The Enid News and Eagle, Enid, OK

Local and State News

April 13, 2014

Area towns apply for grant funds

ENID, Okla. — Grant funds are assisting area towns in making infrastructure improvements, officials say.

The town of Kremlin, located north of Enid in Garfield County, received a $220,000 Community Development Block Grant to be used, along with $100,000 from the Rural Economic Action Plan, for the replacement of 9,000 feet of water line.

Mareta Woodard, grants and projects administrator for Cardinal Engineering — who writes grants for various municipalities — said construction is expected to begin on the project sometime in June and be completed by the end of November.

The existing lines are cast iron and will be replaced with PVC lines, she said.

Woodard explained that the Community Development Block Grant is funded with federal dollars from the Oklahoma Department of Commerce, while funds for the Rural Economic Action Plan are appropriated by the state Legislature.

As part of receiving the Community Development Block Grant, communities must perform an environmental review, which currently is being done by Kremlin. Woodard explained the environmental review entails contacting approximately 10 different environmental agencies to get clearance for the project.

Another requirement for receiving a Community Development Block Grant is that the project has to benefit low- to moderate-income people. Woodard said applying towns must have at least 52 percent or higher of low- to moderate-income-level residents.

“These grants that the towns are applying for help promote economic development and enhance the quality of life. And that’s what they’re designed for,” Woodard said.

Three other nearby communities also have recently received matching Community Development Block Grants, Woodard said. When the grant is matching, the community also makes investment into the proposed project, she explained.

The town of Ames, located in Major County, received a grant of $154,200 and will be drilling a new water well.

Woodard said the city of Garber, located east of Enid in Garfield County, received $193,800 for the replacement of water lines.

The town of Nash, located in Grant County, received $155,000 for improvements to the sewer system.

Woodard said the projects in Ames, Garber and Nash are anticipated to be under construction sometime in June.

Community Development Block Grants applications are being submitted for a number of other area communities, Woodard said.
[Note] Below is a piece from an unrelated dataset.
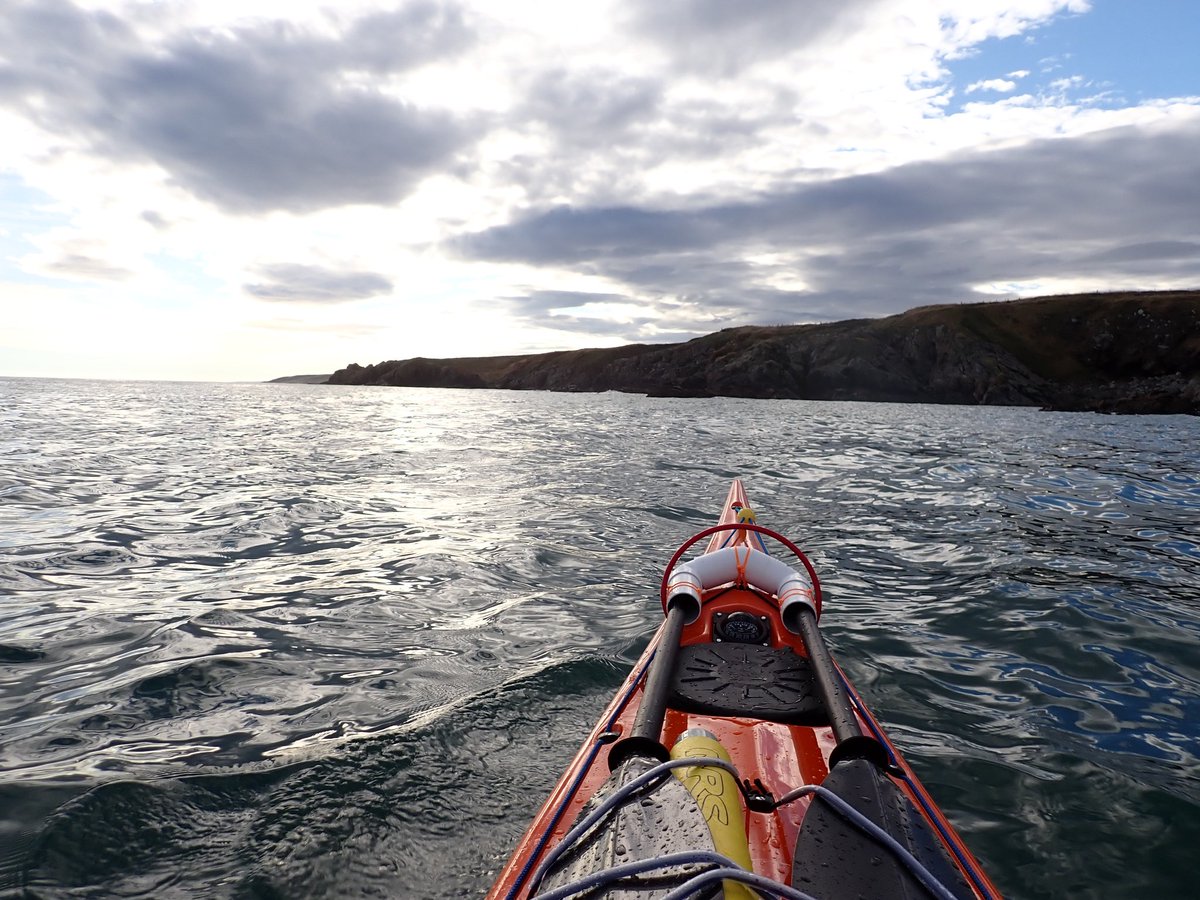 MikeRaby5's tweet photo. It's been a difficult and at times stressful few weeks. So it was great to get out on the sea for a couple of hours today! https://t.co/rFt0u9Hw6M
Funds are being sought to replace 40 manholes in the north part of Waukomis, located south of Enid in Garfield County, she said.

“Waukomis, right now, they are being very progressive in updating and improving their infrastructure,” Woodard said.

She said the total project cost for the manhole project will be $200,000. It will be around the first of September before officials receive notification about whether the grant is awarded, Woodard said.

Funding also is being sought through the Oklahoma Department of Transportation for new sidewalks in downtown Waukomis.

Woodard said she will be meeting with ODOT officials on Tuesday concerning the funding of the sidewalks.

She’s also applying for a grant through the Oklahoma Water Resources Board for other water and sewer projects.

Along with seeking grant funding, Waukomis Town Clerk Tosha Tharpe said a $3,180,000 revenue bond issue approved by the town’s board in October 2013 is being used to redo the town’s lagoon and build a water tower in the housing addition of Morris Acres. Tharpe said leftover funds will be used to redo some streets.

“They’re using that bond money to really do some updates to the infrastructure. And these grants that we’re applying for really are just an additional benefit to the town,” Woodard said.

Woodard is working on a Community Development Block Grant application for Pond Creek, located in Grant County.

If the grant is received, Pond Creek officials will use the funding to complete the final stage of the town’s lagoon system, bringing the system up to Oklahoma Department of Environmental Quality standards, Woodard said.

The total project cost will be $300,000, and the grant would be for $160,000.

When Woodard meets with ODOT on Tuesday, she also will be seeking sidewalk funding for Pond Creek.

Ringwood officials also are hoping to make lagoon repairs with a Community Development Block Grant.

Woodard said a grant application will be made for $219,000 for Ringwood, located in Major County. The total cost of the project will be $377,000.

A Community Development Block Grant application will be submitted for Dover, located in Kingfisher County, for lift station improvements. Woodard said the total project cost will be $248,000 and the town would not be required to match costs.

Woodard said a Community Development Block Grant already has been submitted for Lamont, located in Grant County.

She said a grant in the amount of $150,000 is being requested for drainage system improvements. The total project cost is expected to be $180,000.

An application for a Community Development Block Grant also has been submitted for Wakita, located in Grant County.

Woodard said Wakita is requesting $150,000 for street improvements. She said the project will cost $179,000.

Woodard said the Oklahoma Department of Commerce has just $12.6 million to award statewide through Community Development Block Grants.

“These towns are competing statewide for this funding, and its very competitive,” she said. “It’s an outstanding program.”